The population was classified into four groups: Black, White, Indian, and Coloured. (These terms are capitalized to denote their legal definitions in South African law). The Coloured group included people of mixed Bantu, Khoisan, and European descent (with some Malay ancestry, especially in the Western Cape). The Apartheid bureaucracy devised complex (and often arbitrary) criteria at the time that the Population Registration Act was implemented to determine who was Coloured. Minor officials would administer tests to determine if someone should be categorised either Coloured or Black, or if another person should be categorised either Coloured or White. Different members of the same family found themselves in different race groups. Further tests determined membership of the various sub-racial groups of the Coloureds. Many of those who formerly belonged to this racial group are opposed to the continuing use of the term "coloured" in the post-apartheid era, though the term no longer signifies any legal meaning. The expressions 'so-called Coloured' (Afrikaans sogenaamde Kleurlinge) and 'brown people' (bruin mense) acquired a wide usage in the 1980s.
Discriminated against by apartheid, Coloureds were as a matter of state policy forced to live in separate townships — in some cases leaving homes their families had occupied for generations — and received an inferior education, though better than that provided to Black South Africans. They played an important role in the struggle against apartheid: for example the African Political Organization established in 1902 had an exclusively coloured membership.

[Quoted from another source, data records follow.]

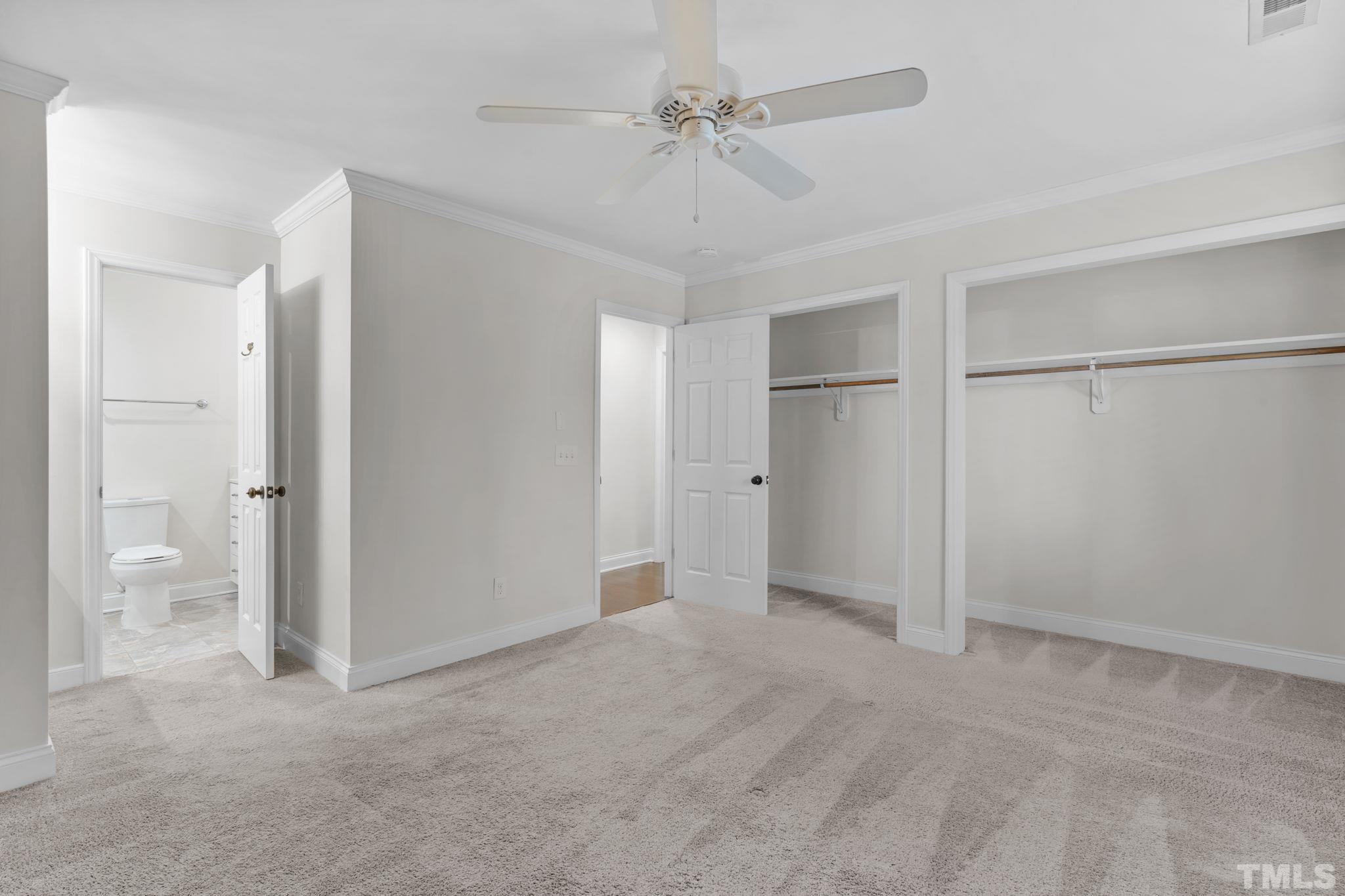4505 Edwards Mill Road, Unit G Raleigh, NC 27612 - Photo 17 of 31 a view of an empty room and a ceiling fan window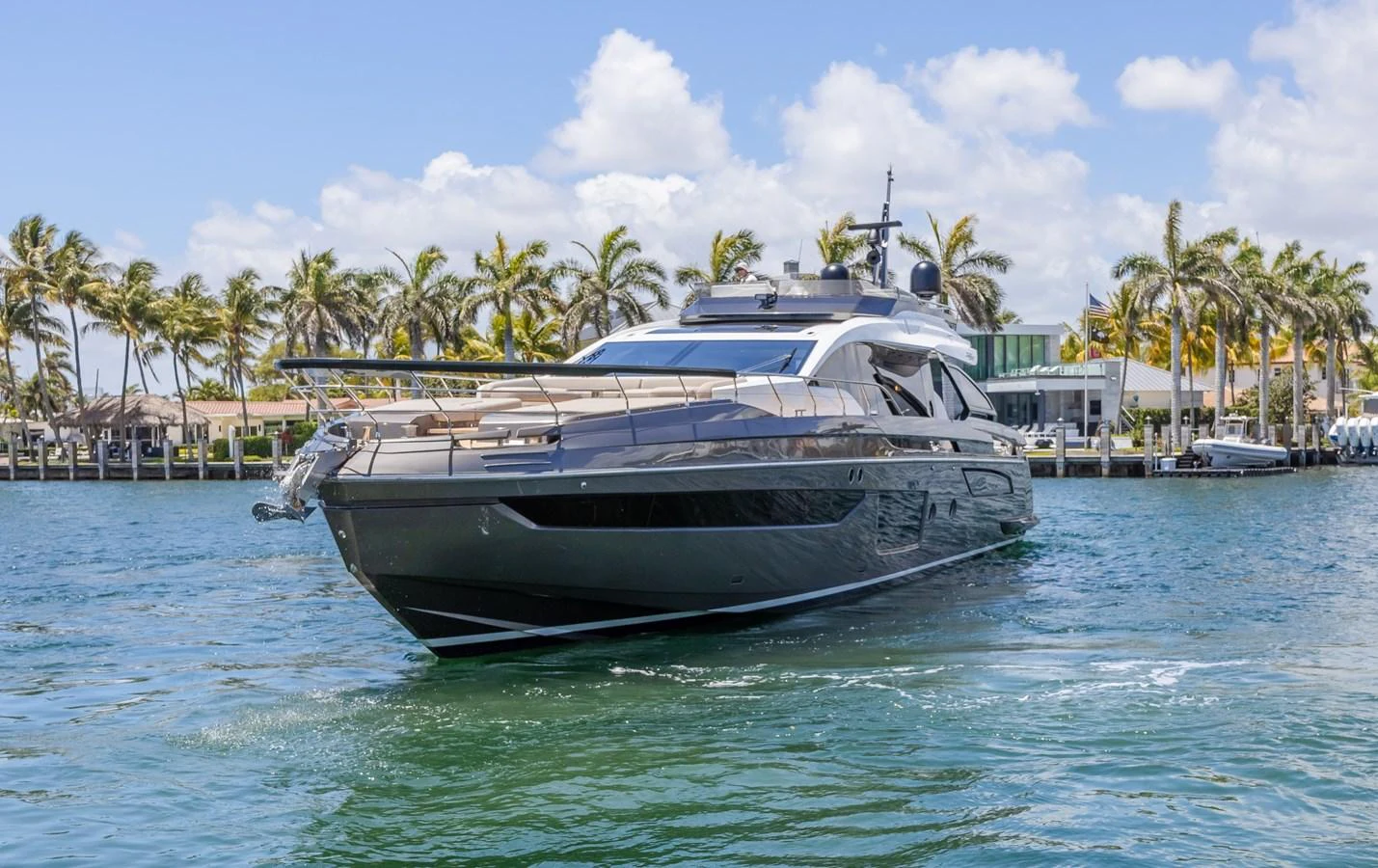 A sleek and modern yacht cruising in a tropical waterfront setting. aboard NO TIME TO DIE Yacht for Sale
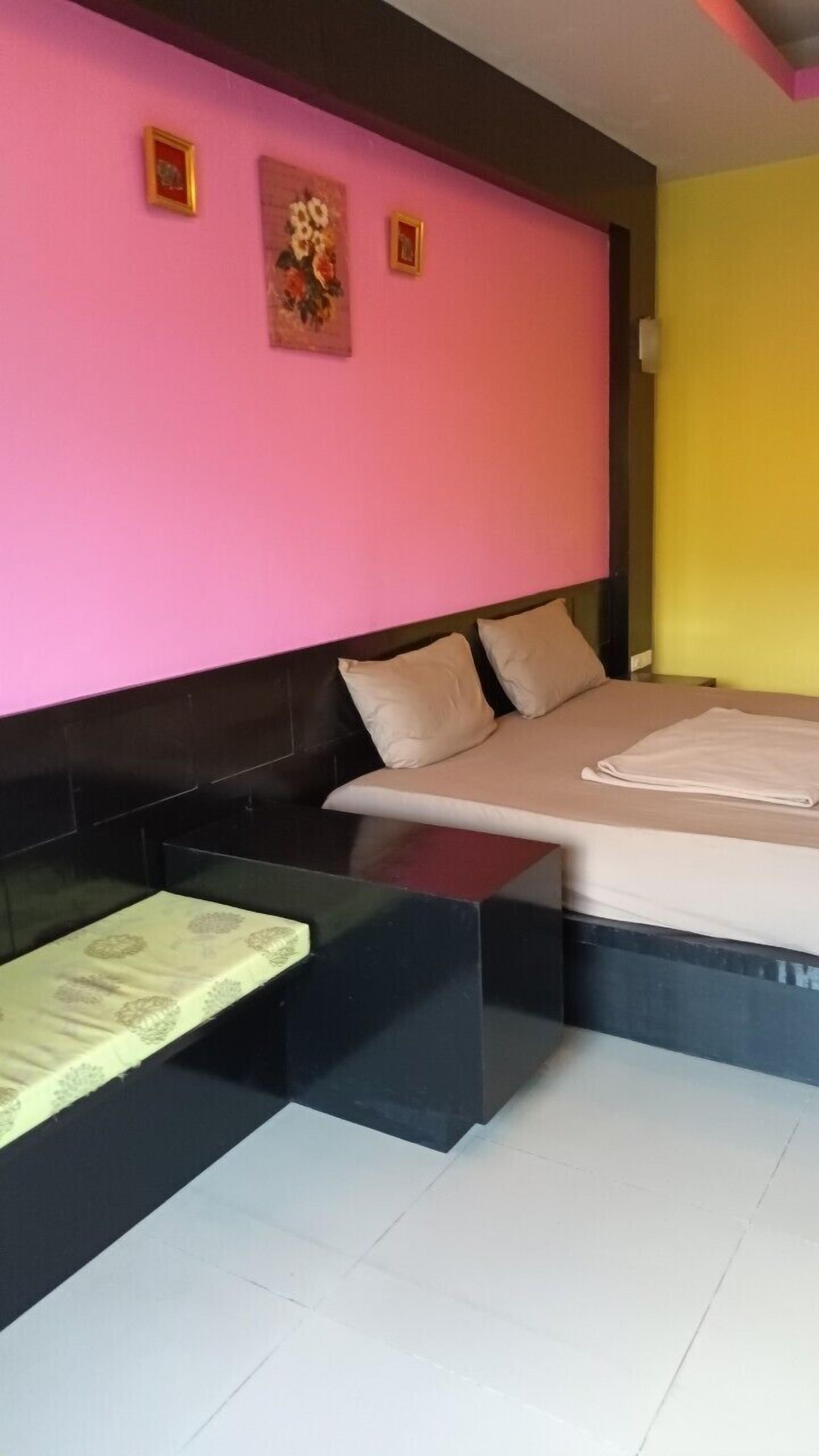 A modern bedroom with a pink and yellow color scheme, a bed with beige bedding, and a black headboard.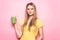 Beautiful young woman holds green smoothie with straw and smiling near pink wall.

Voting rights were denied to Coloureds in the same way that they were denied to blacks from 1950 to 1983. However, in 1977 the NP caucus approved proposals to bring coloured and Indians into central government. In 1982, final constitutional proposals produced a referendum among white voters, and the Tricameral Parliament was approved. The Constitution was reformed the following year to allow the Coloured and Asian minorities participation in separate Houses in a Tricameral Parliament, and Botha became the first Executive State President. The theory was that the Coloured minority could be granted voting rights, but the Black majority were to become citizens of independent homelands. These separate arrangements continued until the abolition of apartheid. The Tricameral reforms led to the formation of the (anti-apartheid) UDF as a vehicle to try and prevent the co-option of coloureds and Indians into an alliance with white South Africans. The subsequent battles between the UDF and the NP government from 1983 to 1989 were to become the most intense period of struggle between left-wing and right-wing South Africans.